Portanto, A nascente é capaz de demonstrar que que a vida não é feita de concessões e sua resposta está na imagem de Roark. Entretanto, é importante destacar que “concessões” na obra de Rand equivalente ao subjetivismo ético, da traição dos princípios do indivíduo – rendição perante a qualquer desejo irracional – de que todo homem tem direito a todo desejo que queira fazer valer; é a ideia que todo desejo humano tem a mesma validade moral e que todo indivíduo deve submeter-se aos valores dos outros. Para tanto, isso não significa que os homens não possam firmar acordos e pactos de benefícios mútuos, um princípio mútuo – tal como – o comércio que é representado pela aquisição e construção das arquiteturas do Roark e seus clientes, esse pacto não envolve sacrificar seu julgamento em prol dos outros, sua independência permanece intacta. Nesse sentido, Howard ao recusa-se a submeter sua criação e seu trabalho ao pensamento coletivista está, intencionalmente, removendo suas conformidades, restrições e a natureza insidiosa do altruísmo. Sua rejeição demostra os valores do individualismo, Roark não encontra-se triste em frente aos seus obstáculos, pelo contrário, ele está rindo logo depois da sua expulsão da Escola de Arquitetura, ele procede apenas pelo seu próprio julgamento racional – ele representa uma vitória do indivíduo perante o coletivismo maculado pelo desejo serve somente aos seus interesses em controlar e quebrar cada parte do espírito humano.

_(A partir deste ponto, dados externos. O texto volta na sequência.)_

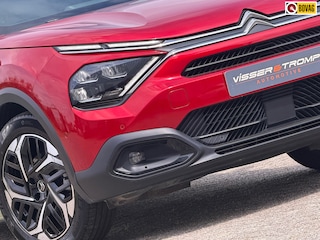 Citroën C4 BERLINE 1.2 Puretech Shine Automaat - Rouge Elixir - Hype Black Leder/Stuur-stoelverwarming/Camera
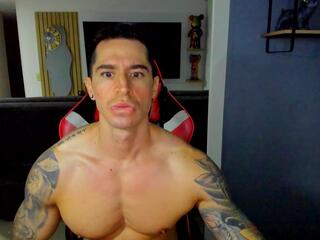 Uxio X — Flirt4free stream photo (Apr 2026)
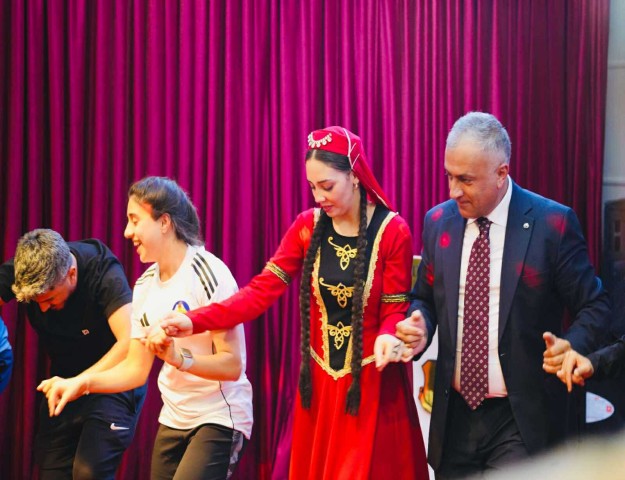 KADIN FUTBOLUNUN GURURU KARS’TA KUTLANDI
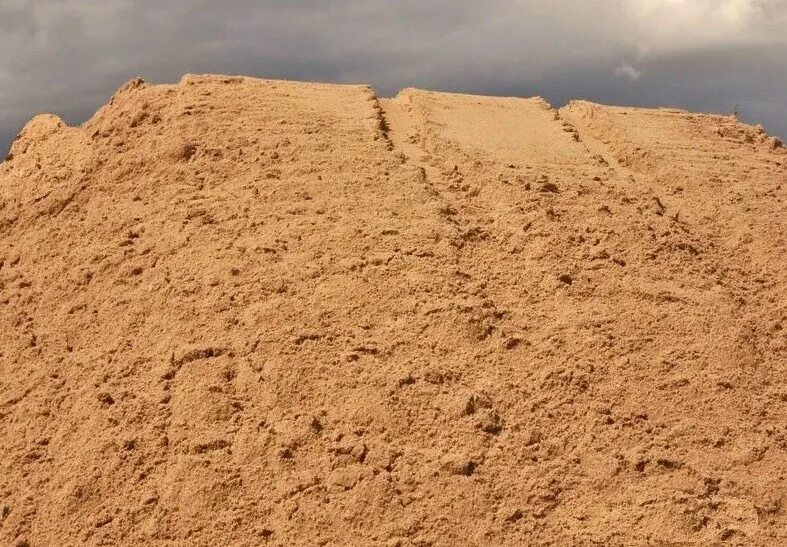 Сколько стоит машина песка с доставкой. Песок Речной намывной. Песок строительный карьерный. Песок намывной строительный. Песок карьер.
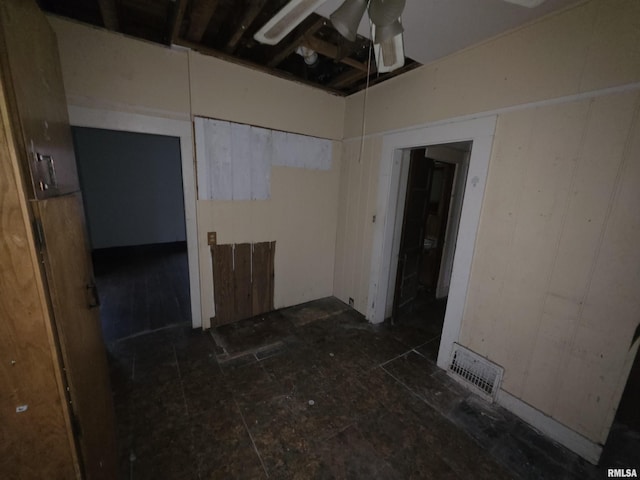 2040 S 5th St, Springfield, IL 62703 - unfurnished room with a ceiling fan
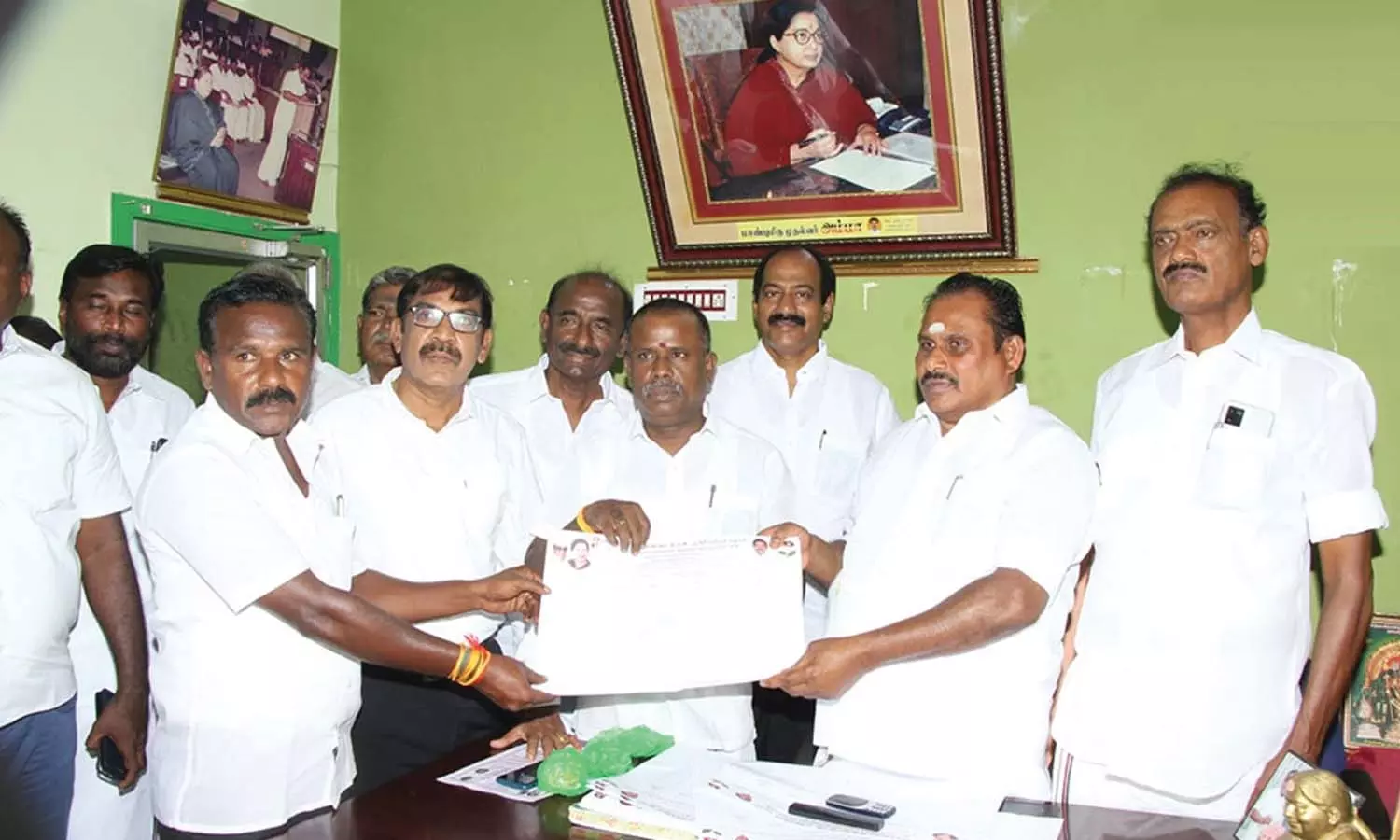 தூத்துக்குடி தெற்கு மாவட்ட அ.தி.மு.க.வினருக்கு உறுப்பினர் படிவம் விநியோகம் தூத்துக்குடி தெற்கு மாவட்ட அ.தி.மு.க.வினருக்கு உறுப்பினர் படிவம் விநியோகம்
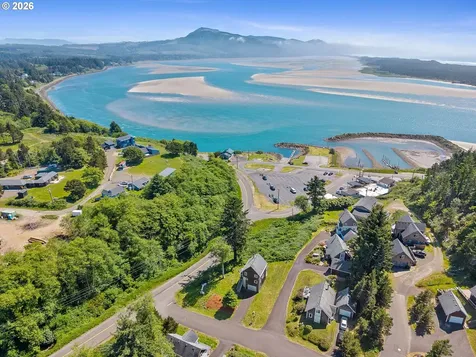 1980 Spyglass Court Tillamook OR 97141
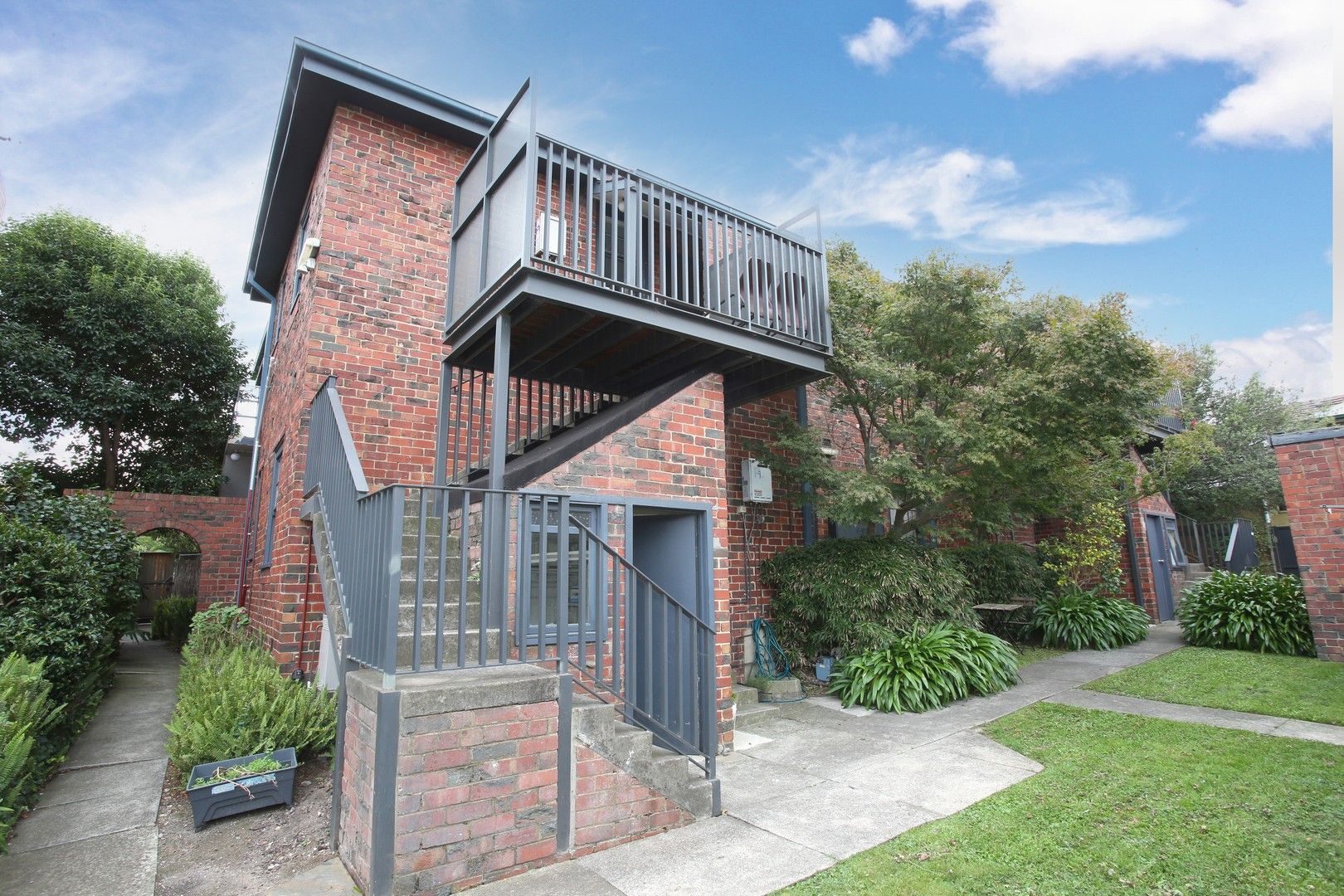 2 bedrooms Apartment / Unit / Flat in 4/6 Barkers Road HAWTHORN VIC, 3122
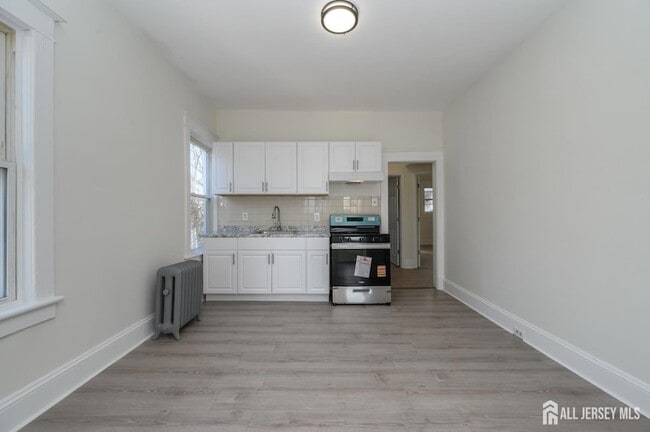 Photo - 377 Delavan St Unit 2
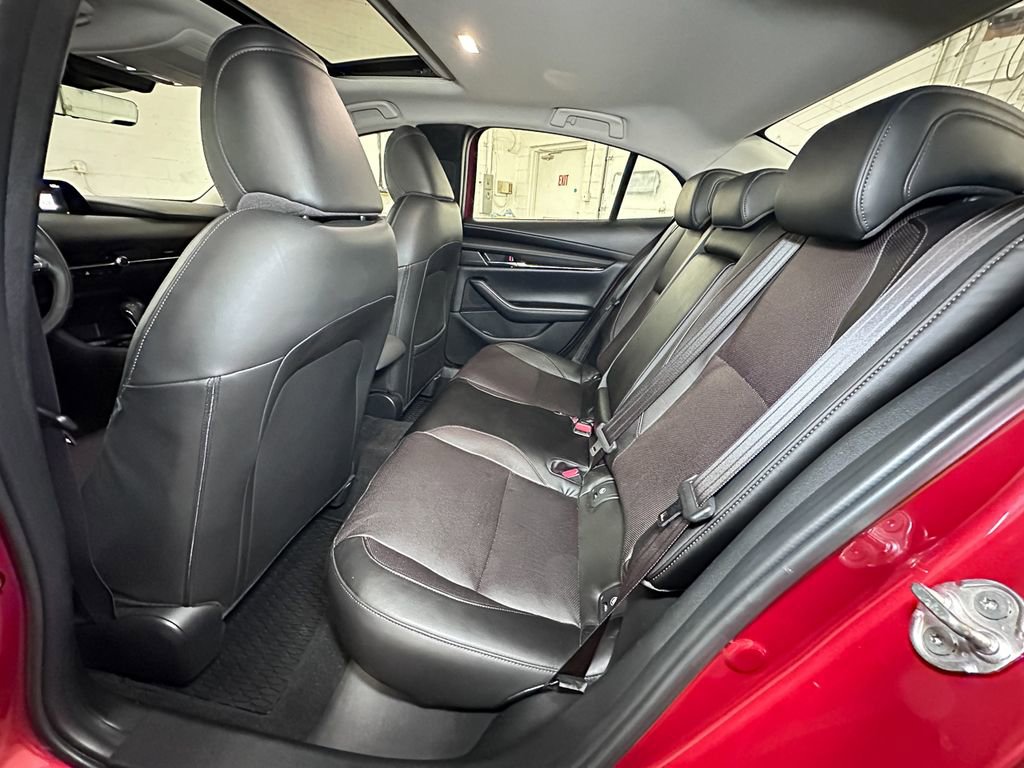 Used 2021 MAZDA MAZDA3 2.5 Turbo Sedan w/Premium Plus image 26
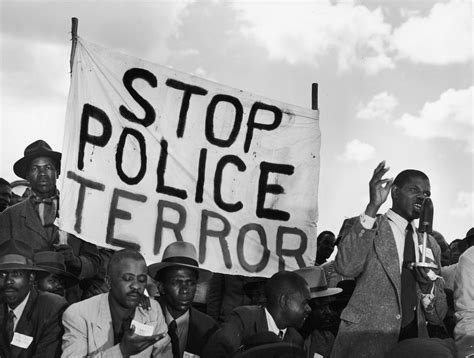 Jan 14, 2021 · the israeli regime enacts in all the territory it controls (israeli sovereign territory, east jerusalem, the west bank, and the gaza strip) an apartheid regime. Margaret Bourke-White : regards sur l'apartheid | Actuphoto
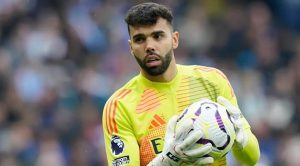 Van der Sar chỉ trích Raya, kỳ vọng thủ môn Arsenal cải thiện phong độ_695a51526e292.jpeg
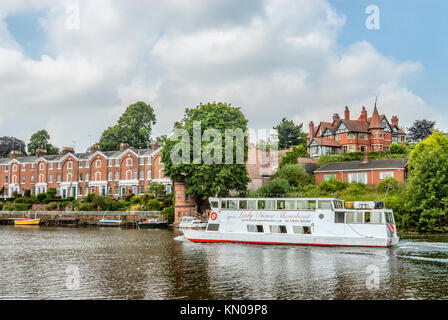 Sightseeing-Boot am Fluss Dee in Chester, Chesire, England, Großbritannien Stockfoto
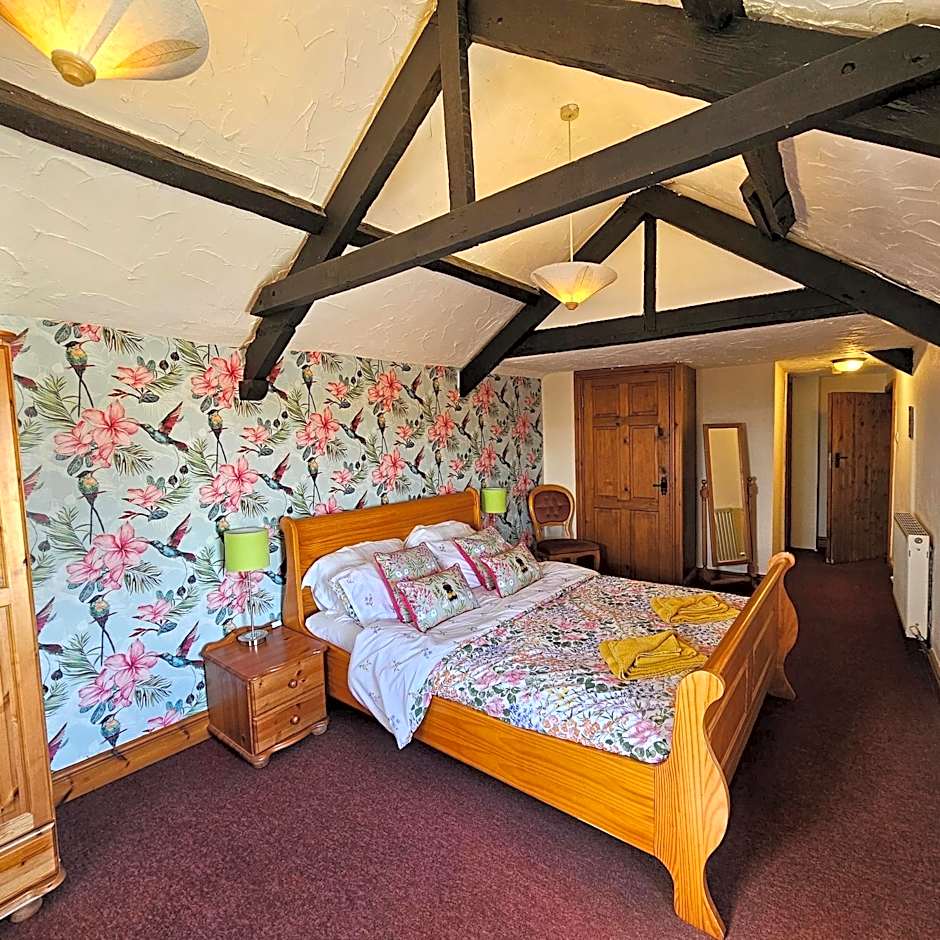 The West Country Inn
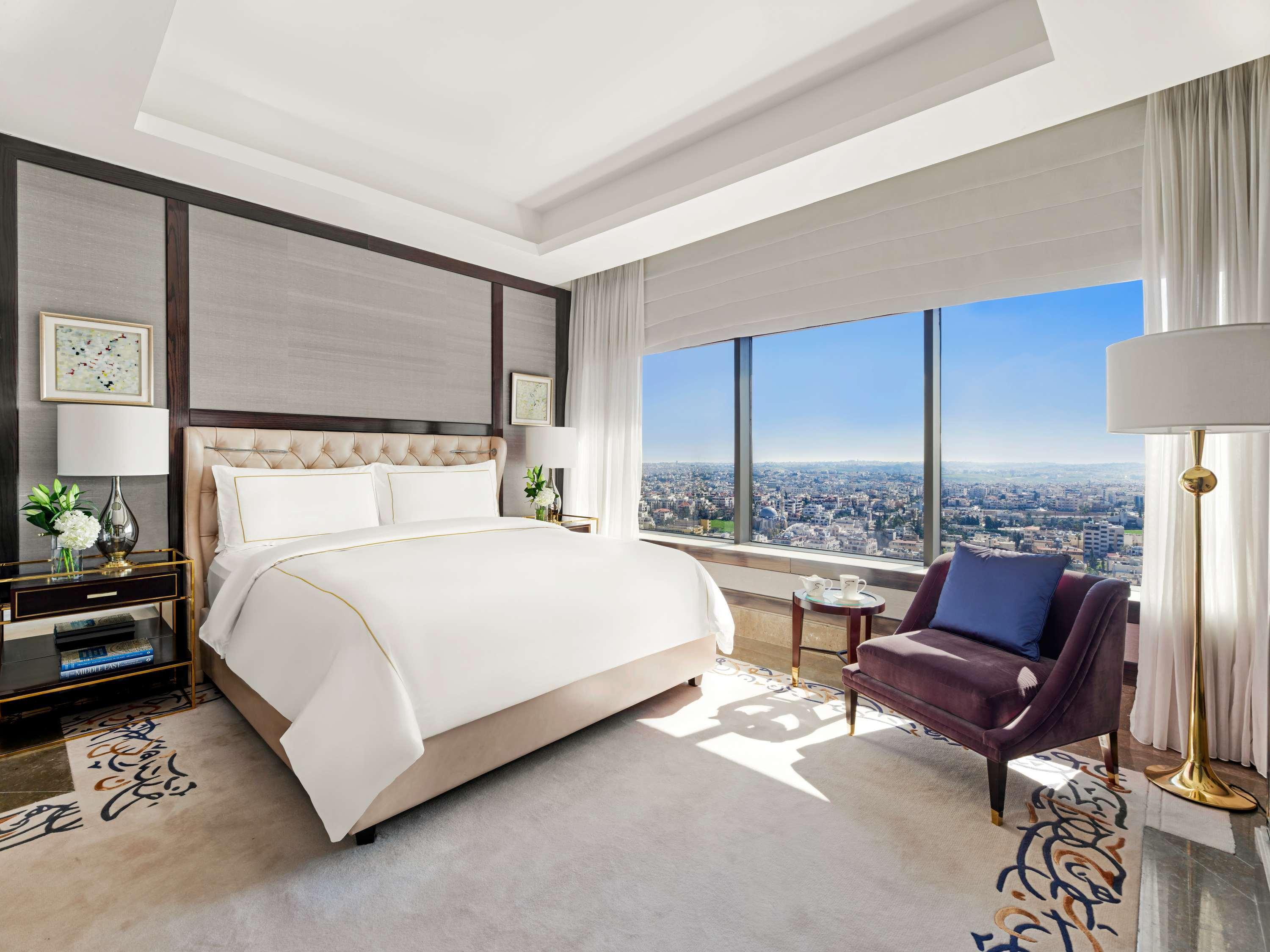 Suite City View King Bed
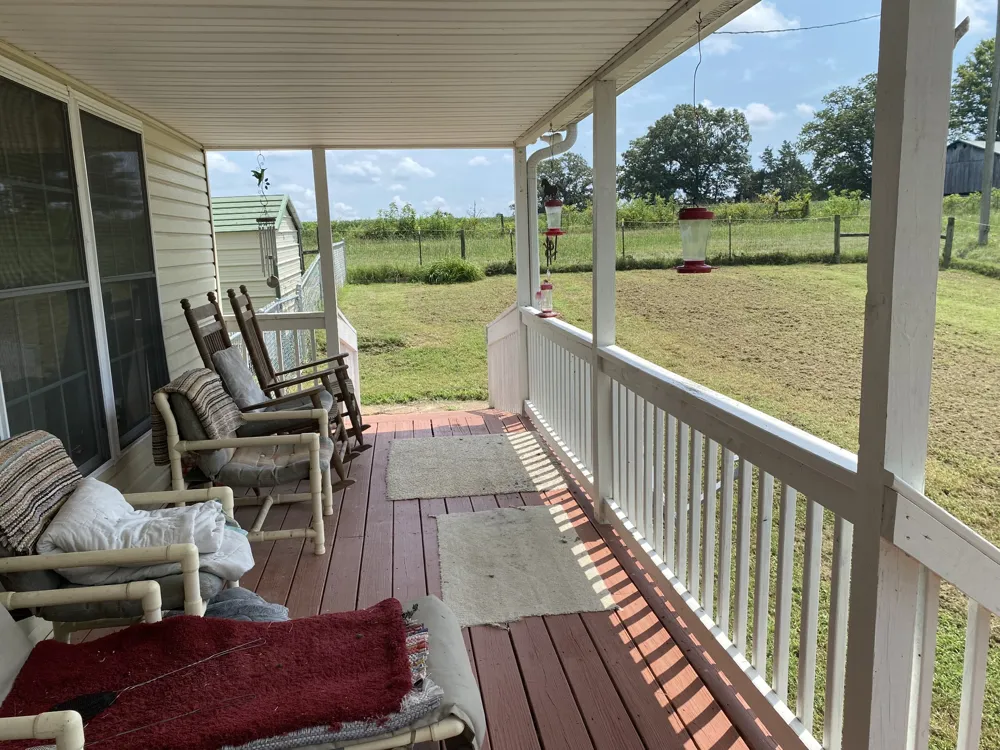 326 Sherman Rd Charlotte, TN 37036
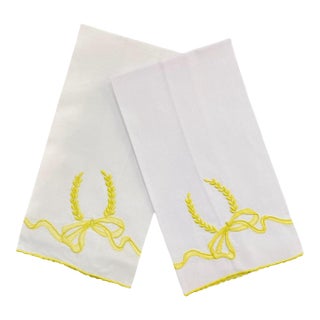 Marghab Wreath and Ribbon Irish Linen Hand Towels (Fingertip Size) For Sale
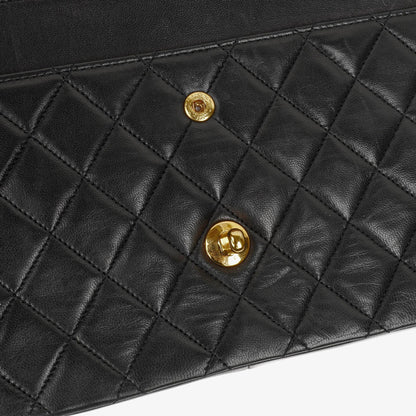 Chanel Classic Double Flap Tasche aus schwarzem gestepptem Lammleder mit 24K vergoldeter Hardware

Roark é motivado pelo desejo de realizar, por seus valores e a busca da sua felicidade, ele não é moldado pelo status quo em que o coletivismo do seu país tenta impor. Vemos um indivíduo racional, vencendo sobre toda opressão imposta sobre ele, vivendo por suas próprias ideias, independência e felicidade, em frente de um homem que vive sem objetivos próprios, condicionado pelos padrões da sociedade – Cada indivíduo possui um valor incomensurável e independente. Consequentemente, existe um significado em cada cena exposta explicitamente por Rand que poderá demonstrar o motivo da vida não ser, necessariamente, requerer concessões, mas é na resposta de Roark ao diretor que Rand é capaz de externalizar essa explicação: “Não pretendo ter clientes para poder construir. Pretendo ter clientes para poder construir.” Quando Roark faz essa afirmação, ele está negando qualquer concessão futura ao seu trabalho, julgamento, valores ou felicidade.

REFERÊNCIAS

RAND, Ayn. A nascente. São Paulo: Arqueiro, 1º edição, 2013. p. 800.